[What this task involves]: Print what the records say exactly, and omit the pictures.
Extracted entries START
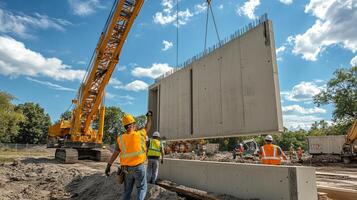 Construction Workers Using a Crane to Lift a Large Concrete Wall Panel photo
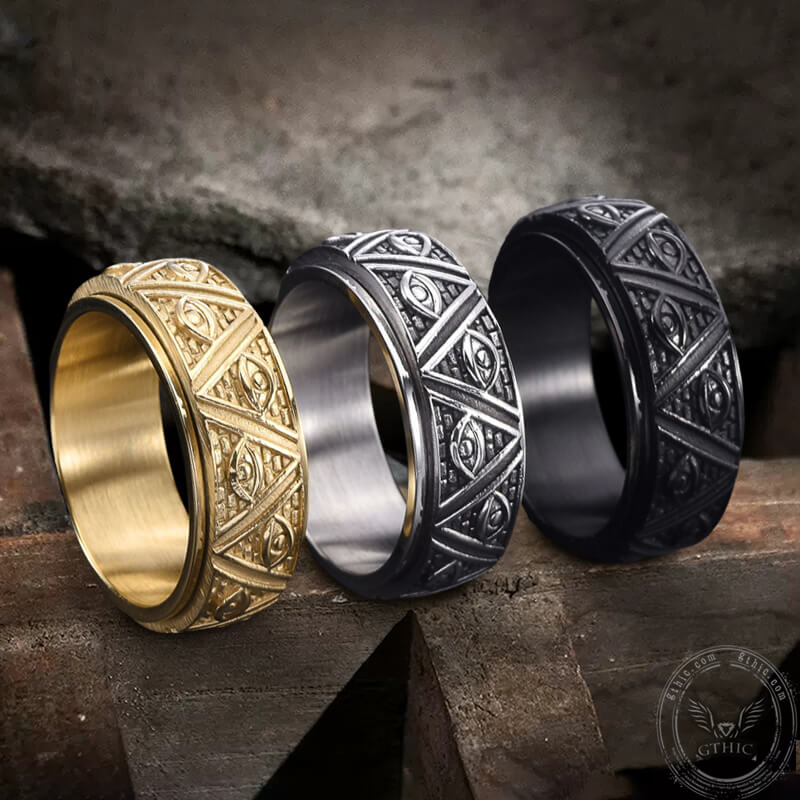 Pyramid Eye of Providence Stainless Steel Spinner Ring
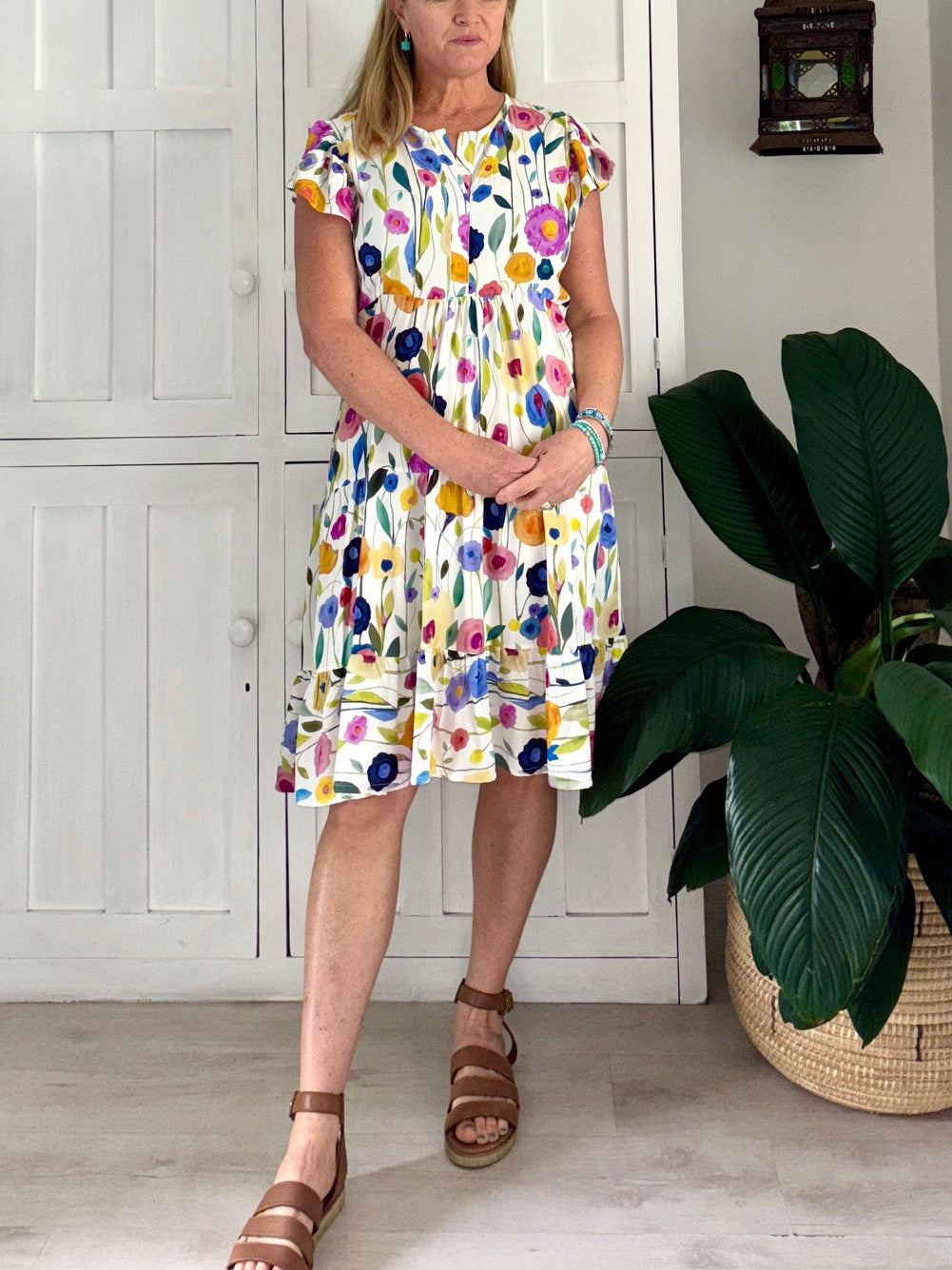 Greek Flutter Sleeve Dress in Colourful Floral and White
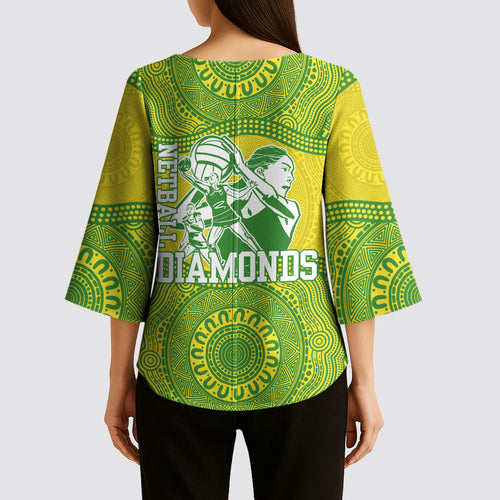 Australian Diamonds Netball Kimono Sleeve Blouse Indigenous Aboriginal Art Style Dot Pattern Graphics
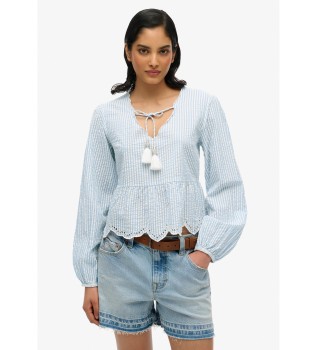 Broderie blouse blauw
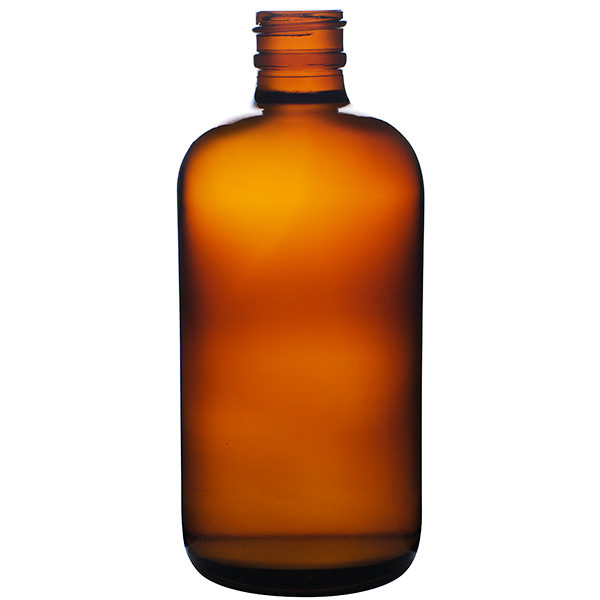 8OZ AMBER BOSTON ROUND GLASS BOTTLE - 24-400 NECK-detail image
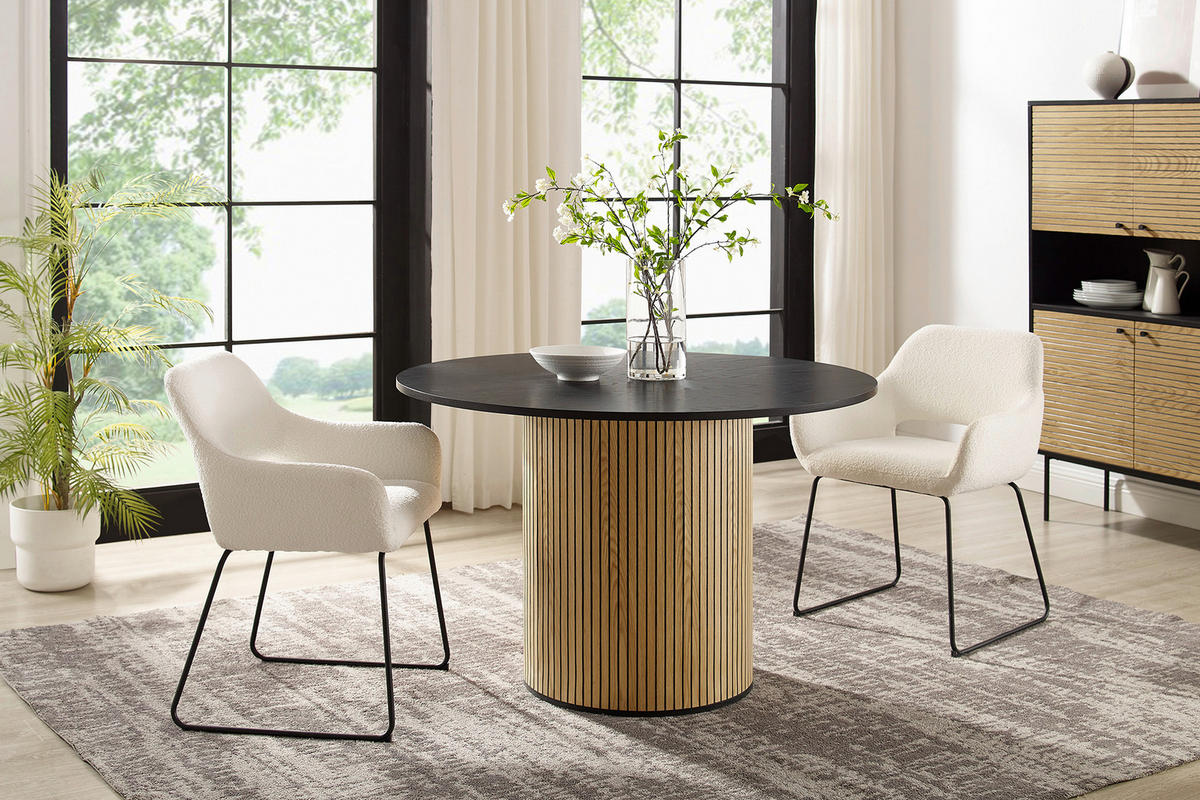 ESSTISCH in Holz, Metall, Holzwerkstoff 120/120/75 cm  - Schwarz/Naturfarben, MODERN, Holz/Holzwerkstoff (120/120/75cm) - Livetastic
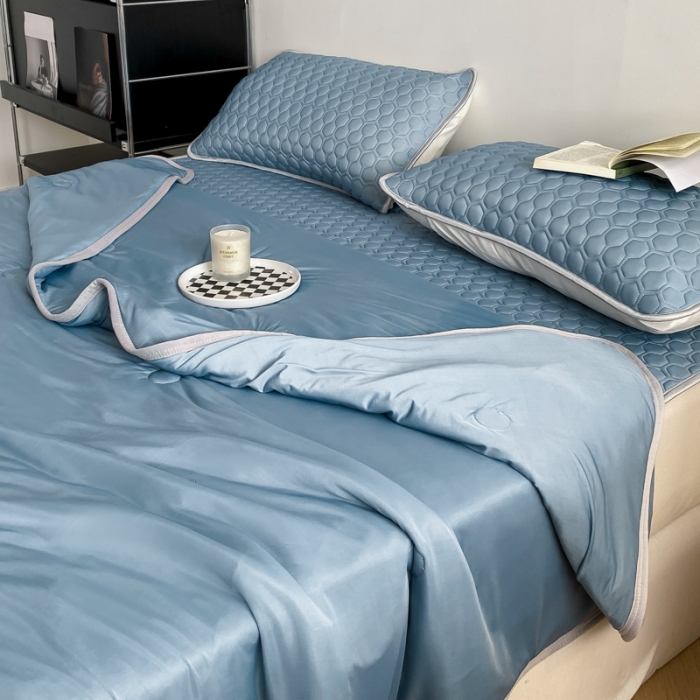 91家纺网 家纺一手货源 找家纺 欧邦 新款轻奢风纯色凉感丝乳胶凉席夏被四件套 藏蓝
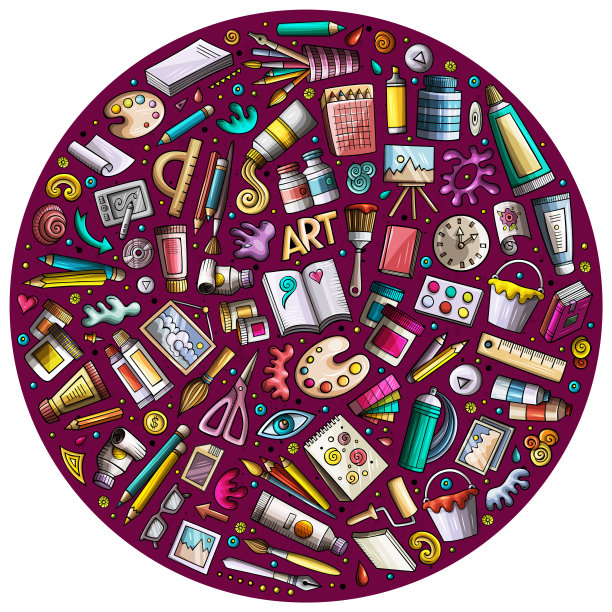 彩色的艺术卡通涂鸦对象图片下载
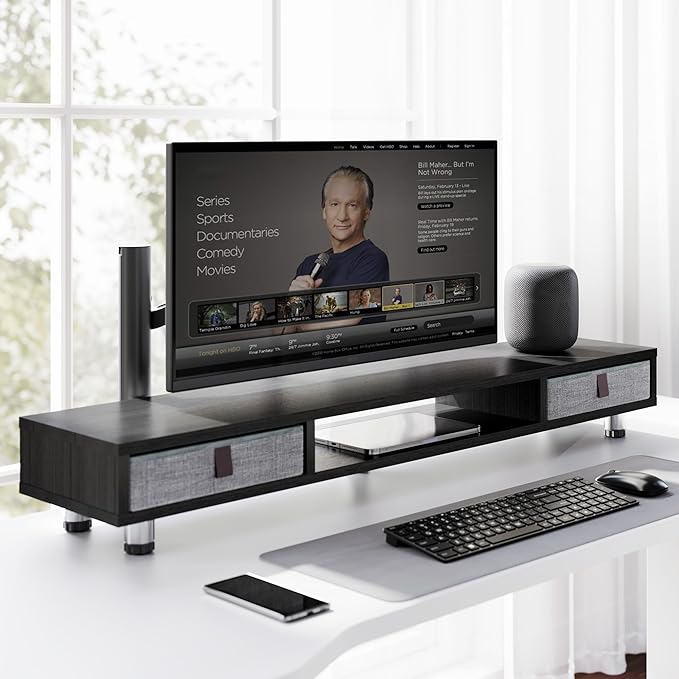 Fenge Dual Monitor Stand with 2 Drawers, 42.5 Inches Large Computer Riser for Desk, Adjustable Height Desk Shelf with Storage for Laptop, PC, TV, Printer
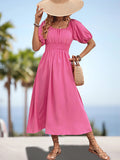 Momentlover Split-Joint Solid Color Pleated Elasticity Bishop Sleeve A-Line Square-Neck Midi Dresses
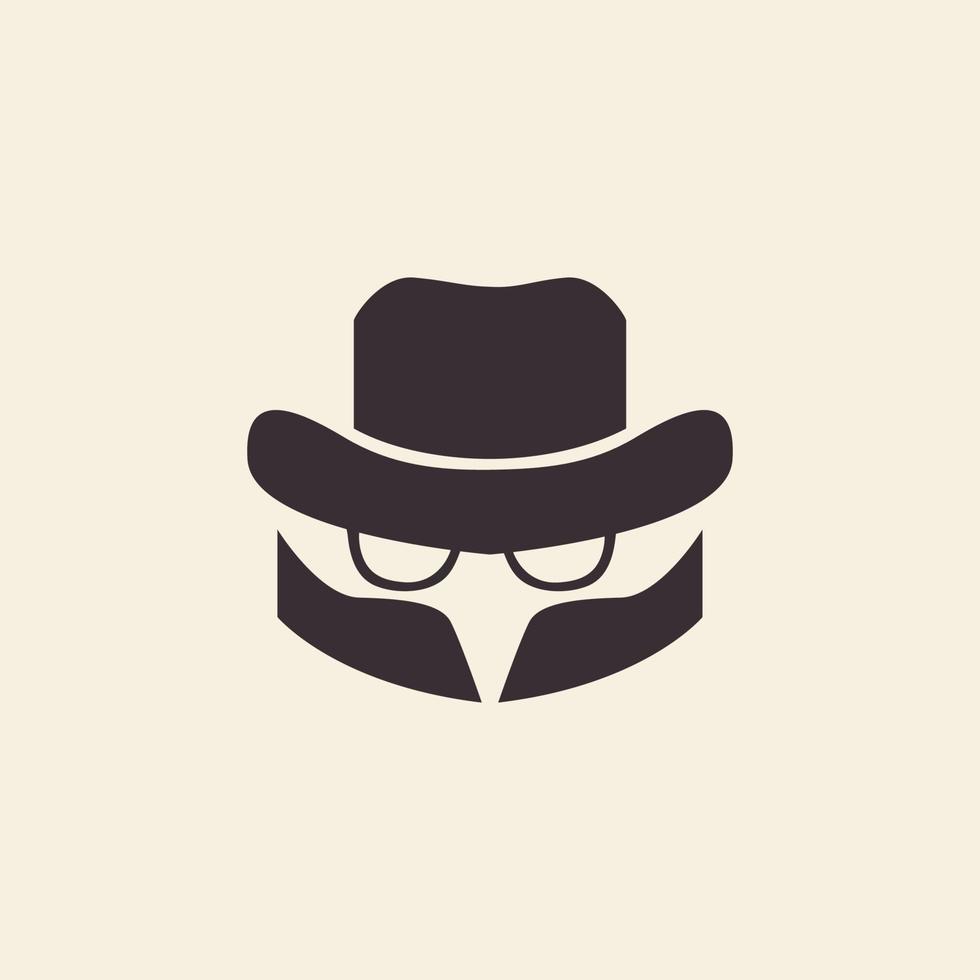 simple detective con diseño de logotipo de sombrero vector gráfico símbolo icono ilustración idea creativa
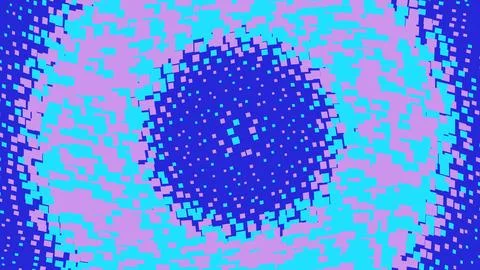 Abstract halftone circle pattern with blue and purple squares Stockillustratie
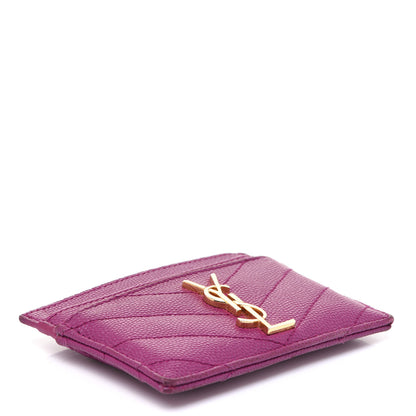 Saint Laurent Grain De Poudre Matelasse Chevron Monogram Credit Card Case Dark Grape 4 of 13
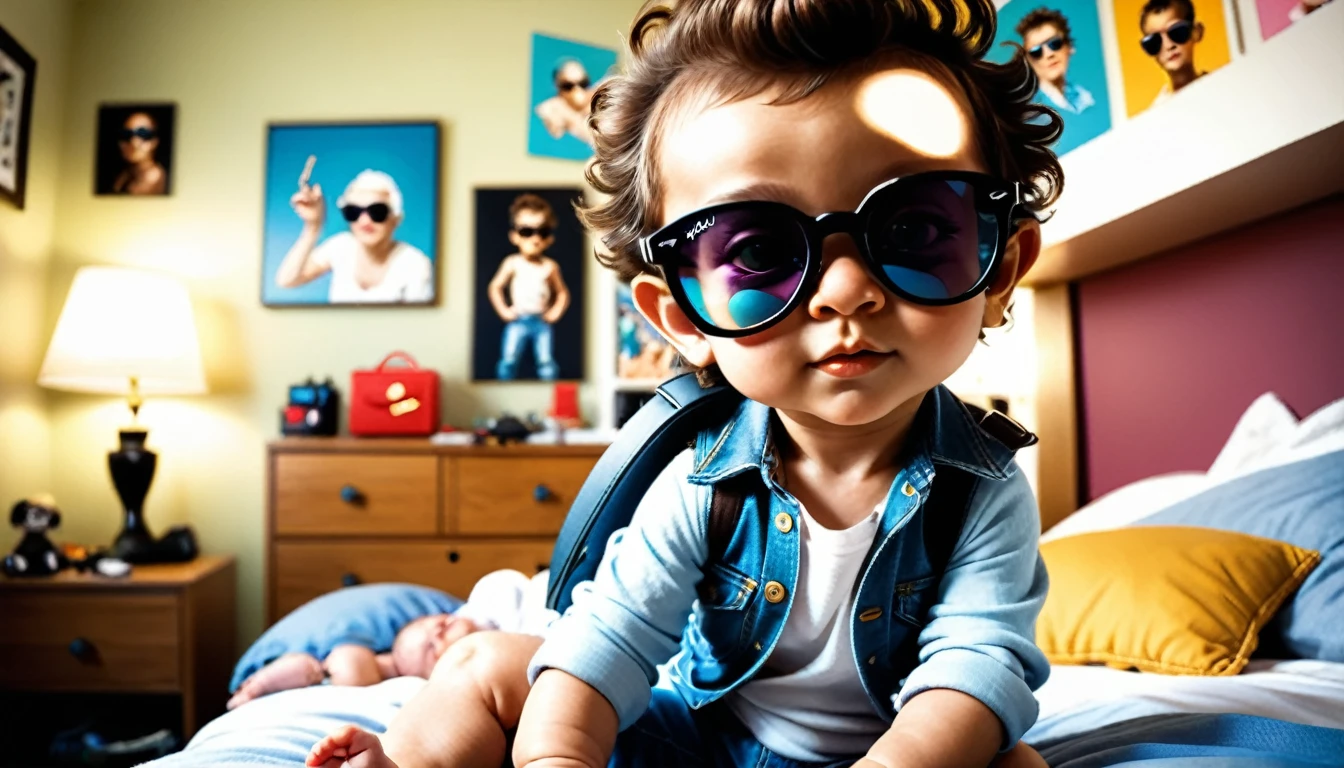 (style de film photo), cute little baby boy , sunglasses ray-ban, in her bedroom, study, 2d, colored, Ambiance chaleureuse, Glittering, Jean-Baptiste Monge style, in the way of'Alan Lee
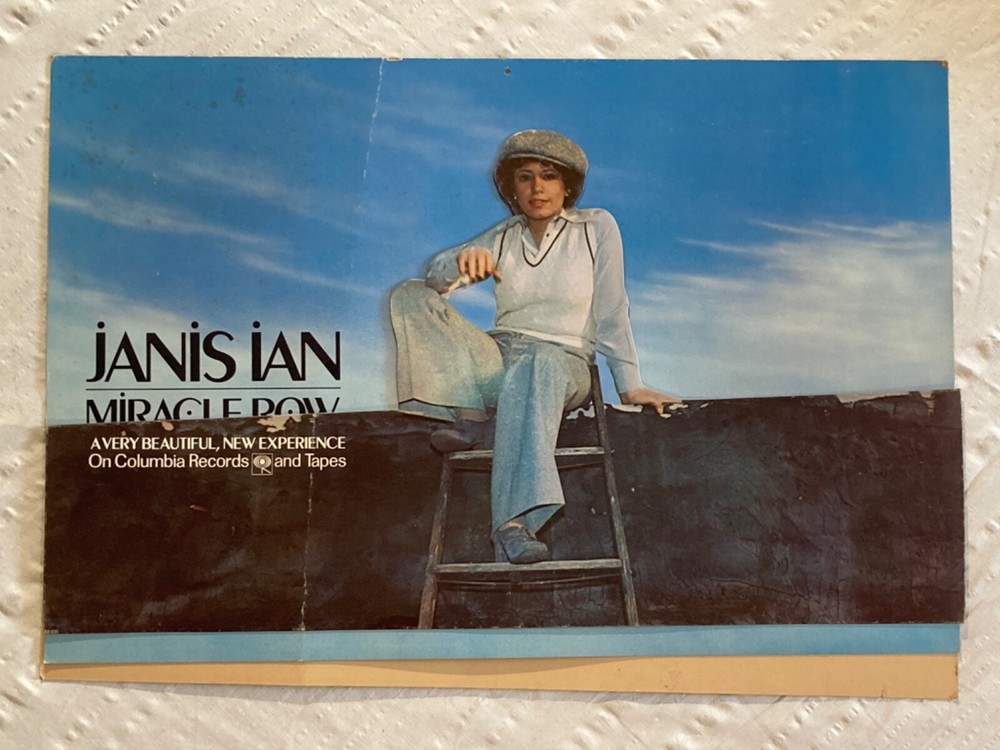 Janis Ian 1977 Two-Sided 3D Heavy Board Display Miracle Row Poster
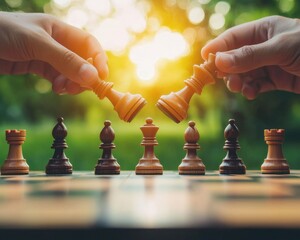 classic chess match in natural light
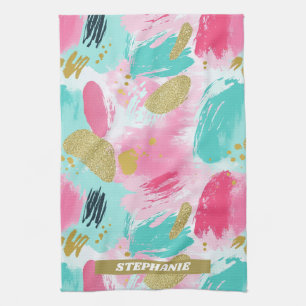 Soft Mint Pink Spring Gold Abstract Brushstrokes Kitchen Towel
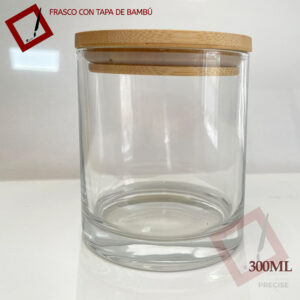 Frasco con tapa de Bambú 300ml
Extracted entries END
[Result of the task]:
 Construction Workers Using a Crane to Lift a Large Concrete Wall Panel photo
 Pyramid Eye of Providence Stainless Steel Spinner Ring
 Greek Flutter Sleeve Dress in Colourful Floral and White
 Australian Diamonds Netball Kimono Sleeve Blouse Indigenous Aboriginal Art Style Dot Pattern Graphics
 Broderie blouse blauw
 8OZ AMBER BOSTON ROUND GLASS BOTTLE - 24-400 NECK-detail image
 ESSTISCH in Holz, Metall, Holzwerkstoff 120/120/75 cm  - Schwarz/Naturfarben, MODERN, Holz/Holzwerkstoff (120/120/75cm) - Livetastic
 91家纺网 家纺一手货源 找家纺 欧邦 新款轻奢风纯色凉感丝乳胶凉席夏被四件套 藏蓝
 彩色的艺术卡通涂鸦对象图片下载
 Fenge Dual Monitor Stand with 2 Drawers, 42.5 Inches Large Computer Riser for Desk, Adjustable Height Desk Shelf with Storage for Laptop, PC, TV, Printer
 Momentlover Split-Joint Solid Color Pleated Elasticity Bishop Sleeve A-Line Square-Neck Midi Dresses
 simple detective con diseño de logotipo de sombrero vector gráfico símbolo icono ilustración idea creativa
 Abstract halftone circle pattern with blue and purple squares Stockillustratie
 Saint Laurent Grain De Poudre Matelasse Chevron Monogram Credit Card Case Dark Grape 4 of 13
 (style de film photo), cute little baby boy , sunglasses ray-ban, in her bedroom, study, 2d, colored, Ambiance chaleureuse, Glittering, Jean-Baptiste Monge style, in the way of'Alan Lee
 Janis Ian 1977 Two-Sided 3D Heavy Board Display Miracle Row Poster
 classic chess match in natural light
 Soft Mint Pink Spring Gold Abstract Brushstrokes Kitchen Towel
 Frasco con tapa de Bambú 300ml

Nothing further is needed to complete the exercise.